ASSIGNED TASK → Would you restate the listing word for word, with the images omitted?

PROVIDED MATERIAL →
'''

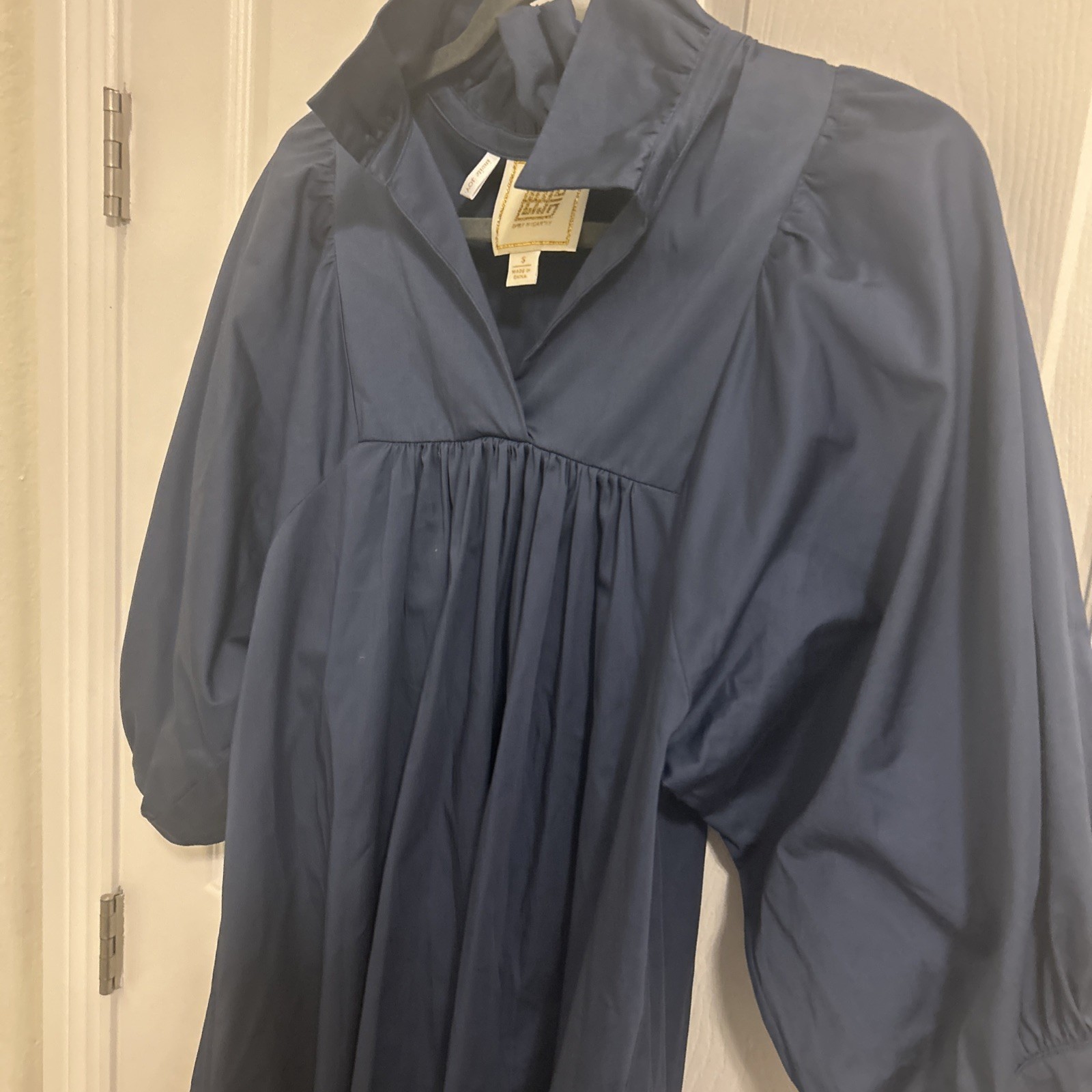 Emily McCarthy Stella Dress Delft Blue Puff Sleeve Womens S Invite Joy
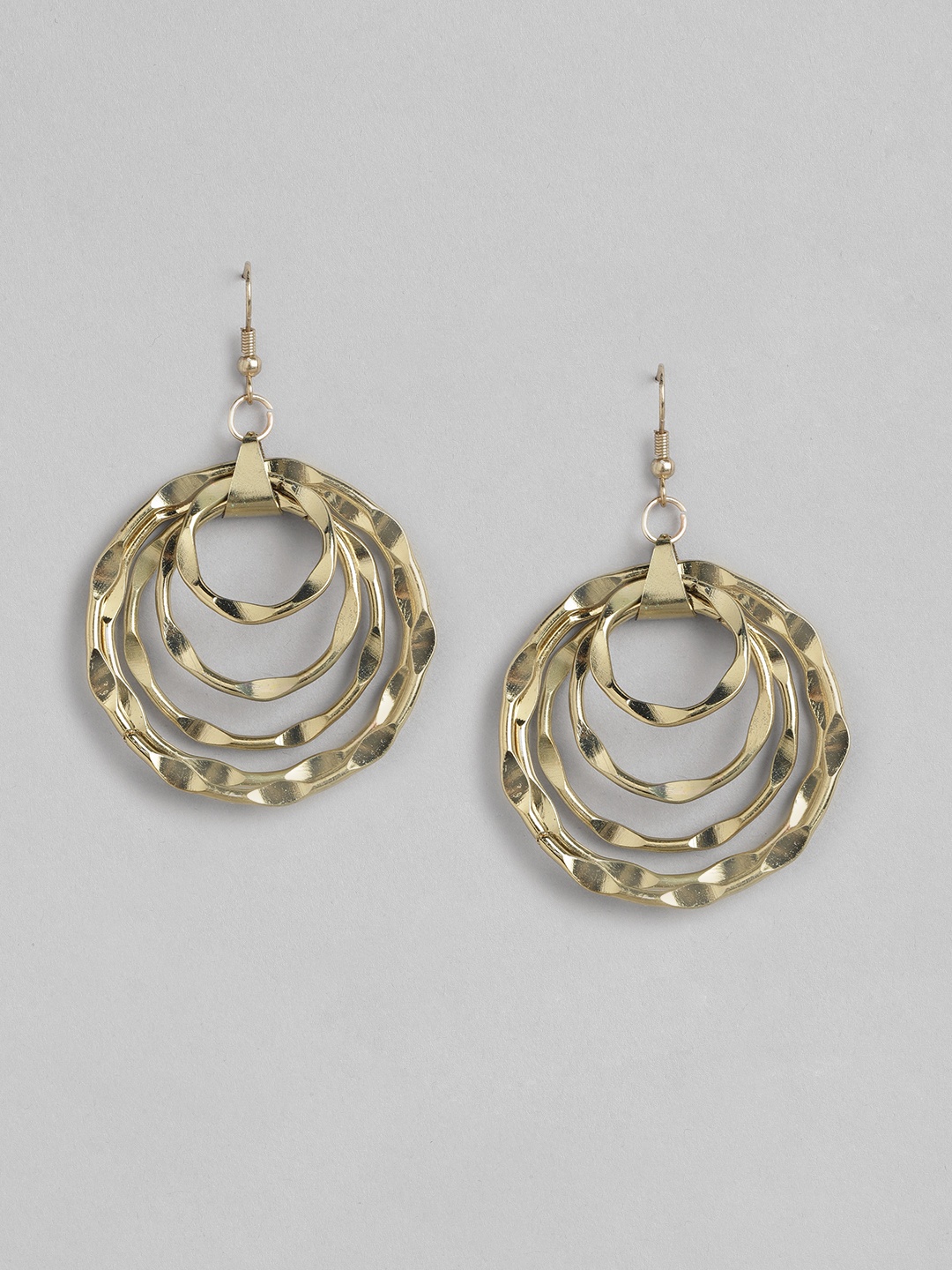 

RICHEERA Gold-Plated Circular Drop Earrings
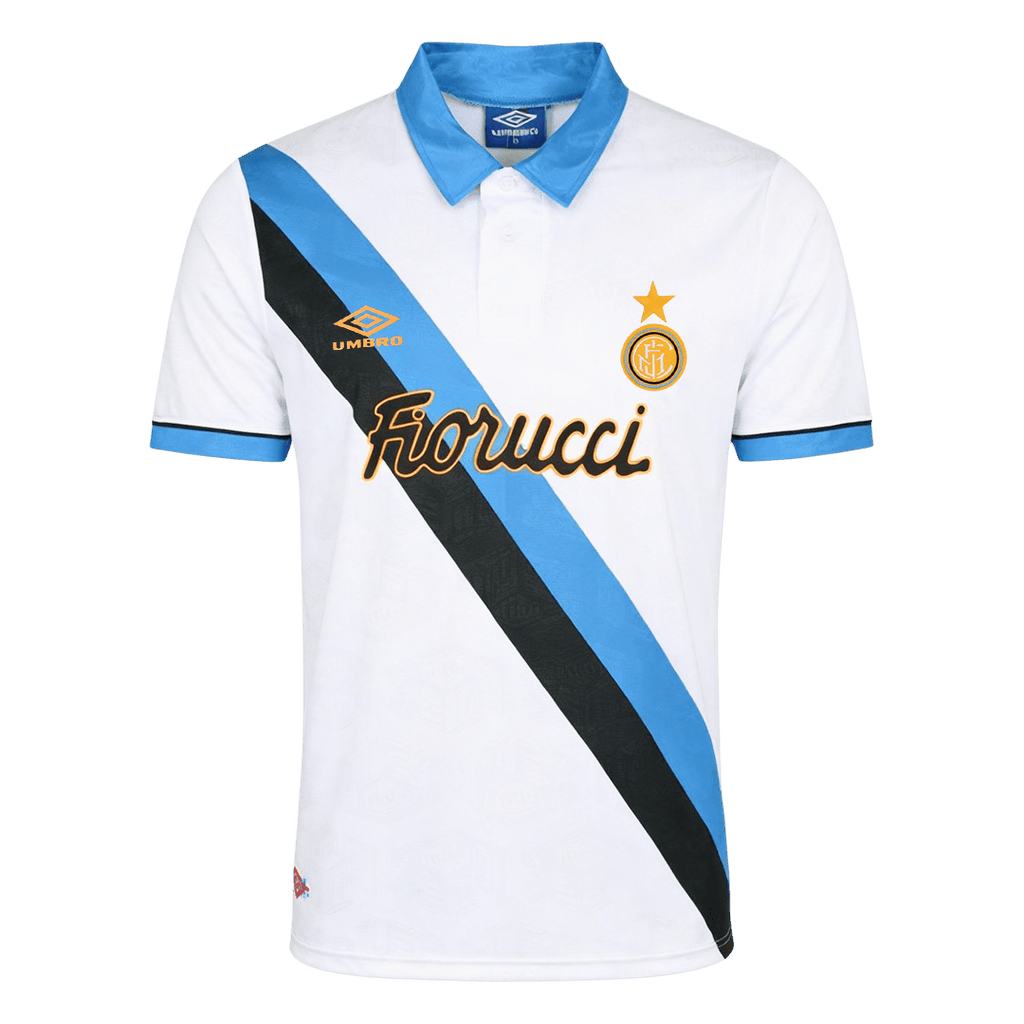 Men Retro Fan Version 94/95 Inter Milan Away Soccer Jersey Short Sleeve White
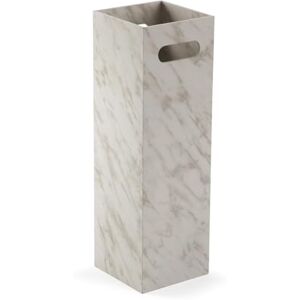 Versa Marble Effect Umbrella Stand, Modern Style, 48x15x15 cm, MDF Wood, White with Grey Veins Versa Marble Effect Umbrella Stand, Modern Style, 48x15x15 cm, MDF Wood, White with Grey Veins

'''

WRITTEN SOLUTION →
 Emily McCarthy Stella Dress Delft Blue Puff Sleeve Womens S Invite Joy

RICHEERA Gold-Plated Circular Drop Earrings
 Men Retro Fan Version 94/95 Inter Milan Away Soccer Jersey Short Sleeve White
 Versa Marble Effect Umbrella Stand, Modern Style, 48x15x15 cm, MDF Wood, White with Grey Veins Versa Marble Effect Umbrella Stand, Modern Style, 48x15x15 cm, MDF Wood, White with Grey Veins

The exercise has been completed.